Sure it can. If I embed images in a document file along with the text, then
Ctrl+F lets me search for that text, which makes it easy to find adjacent
images. I tend not to put a lot of images in there, but in practice this works
fairly well for the images I do include.

You're also only looking at the benefits of your strategy, without looking at
the costs. The cost is, you have to tag things. My strategy works without me
tagging anything. I wouldn't be surprised if you can find things slightly
faster, but I would be _very_ surprised if this time savings outweighed the
time spent tagging.

If it's fun for you to tag things then it's not a cost, so I'm certainly not
criticizing anyone using Org mode. Do what you enjoy. I'm just saying it's
more of an aesthetic choice than a productivity choice.

This is similar to the various "blog like a hacker" tools out there such as
Jekyll or Haunt. People cite all these supposed benefits like version
controlling your posts and whatnot, but ultimately the vast majority of
successful blogs, including the "hacker" ones, use Wordpress, Blogspot, or
something similar.

The underlying point I'm making is that the temptation with highly flexible
tools is to spend all your time tinkering with configuration for the tool,
rather than doing the thing the tool is intended to do. Some people can avoid
that temptation, but I'm not really one of those people.

(Random aside: my file is actually an Open Document Format file (.odt) not a
Word Document.
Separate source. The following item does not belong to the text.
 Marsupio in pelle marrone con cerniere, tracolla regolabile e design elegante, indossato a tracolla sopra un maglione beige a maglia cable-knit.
It originally was a Word Document, but hasn't been for years,
so I'm not sure why I wrote that.)

------
viburnum
I’ve journaled on and off for years. It’s incredibly stressful for me. Most of
what I write is unbearably stupid. It’s excrutiatig to see how dumb I am. I
tried to turn lemons into lemonade, and decided to keep a “what did I learn”
journal, but it was even worse. Maybe journaling isn’t for everyone.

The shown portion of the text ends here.